SEÇTİKLERİMİZ – “Bu kaza herkesin başına gelebilirdi. Ancak kimsenin suçun ortaya çıkacağı anda ‘vicdan’ diyerek itirafta bulunmasına, toplumu kandırmaya çalışmasına gerek yok. Esas faili bir kez daha ifşa etmek gerekiyor, Çünkü Emrah Serbes ne ilk ne de son. Esas fail; şiddeti, delikanlılığı, maçoluğu üreten “erkek egemen kültür.”
Leyla Umar
Ahmet Burak Erdoğan… 1998’de Şişli’de bir kaza yaptı. Kazada Türk Sanat Müziği sanatçısı Sevim Tanürek yaşamını yitirdi. Kazayı yapan İstanbul Büyükşehir Belediye Başkanı Recep Tayyip Erdoğan’ın oğlu Ahmet Burak Erdoğan’dı. Sonrasını Sevim Tanürek’in eşi, Ahmet Tanürek şöyle anlatıyordu, ‘‘Tayyip’in oğlu kırmızı ışıkta hızla geçiyor. Peşine siren çalarak ekip takılıyor. Kaçarken, yaya geçidine 5 metre kala eşime çarpıyor. 30 metre sürüklüyor. Eşim 6 gün sonra vefat etti. Yakalandığında polislere Tayyip’in oğlu olduğunu söylüyor. Zaten o andan itibaren her şey değişti. Kazadan hemen sonra caddemize belediye arazözleri geldi. Tarihte ilk kez, caddemiz baştan aşağı yıkandı. 35 metre fren izi vardı ve her şeyi bir anda yok ettiler. Çocuğun ehliyeti yoktu. Kazadan sonra, üç ay önce verilmiş gibi ehliyet düzenlediler!’’ Ehliyetsiz Burak Erdoğan’ın ehliyetinin sahte olduğu ortaya çıktı… Ama mahkeme Sevim Tanürek’i 8/8 kusurlu buldu. Burak Erdoğan beraat etti. Yıllar sonra, Ahmet Tanürek şikayetini geri aldı. Şiayetin geri alınmasını gazeteci Mustafa Hoş, ‘BigBoss’ kitabında detaylı anlatmıştı..
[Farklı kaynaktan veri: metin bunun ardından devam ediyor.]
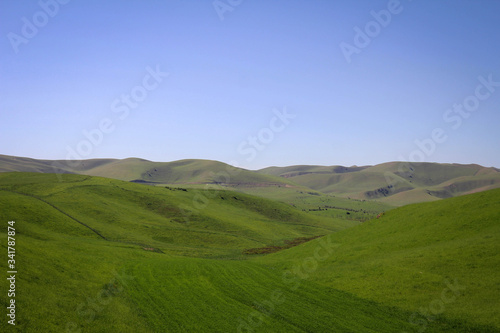 Calm green hills landscape near Jalal-Abad by spring, Kyrgyzia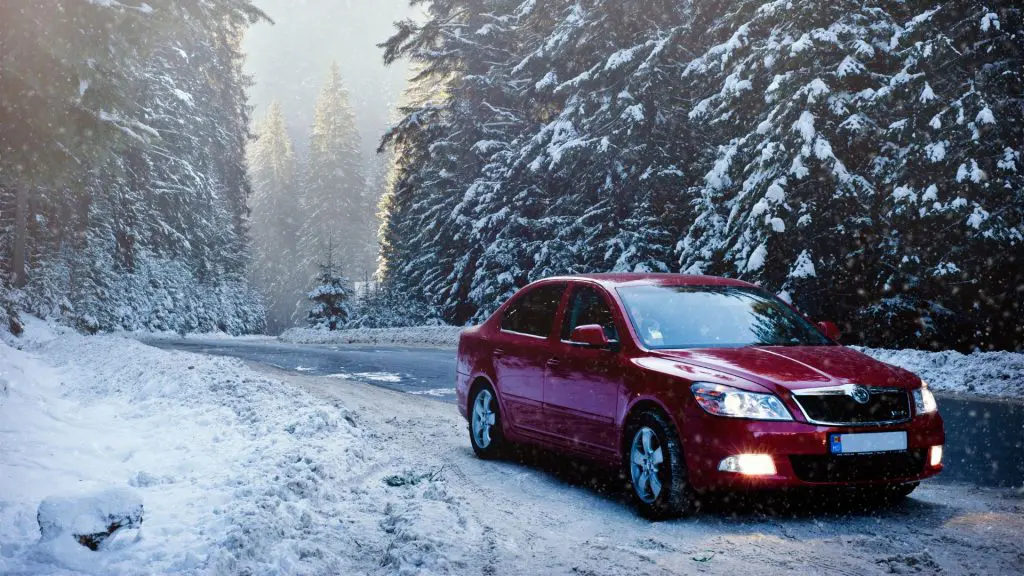 Record 122 million Americans expected to travel this holiday, mostly by car, as gas prices fall below $3 and airfares rise.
Rüzgar Çetin… AKP yandaşı yönetmen Sinan Çetin'in oğlu Rüzgar Çetin geçen yıl kaza yaptı. Beşiktaş’ta, kullandığı otomobilin trafik polisi aracına çarpması sonucu 1 polis yaşamını yitirdi, 1 polis de ağır yaralandı. Olayın ardından Rüzgar Çetin tutuklandı… Yaşamını yitiren ve yaralanan polislerin ailelerinin üst düzey bürokratlar tarafından arandığı iddia edildi, ailelere para teklif edildiği iddia edildi. Finalde, Rüzgar Çetin tahliye edildi, davadan sadece yurt dışı yasağı alarak kurtuldu..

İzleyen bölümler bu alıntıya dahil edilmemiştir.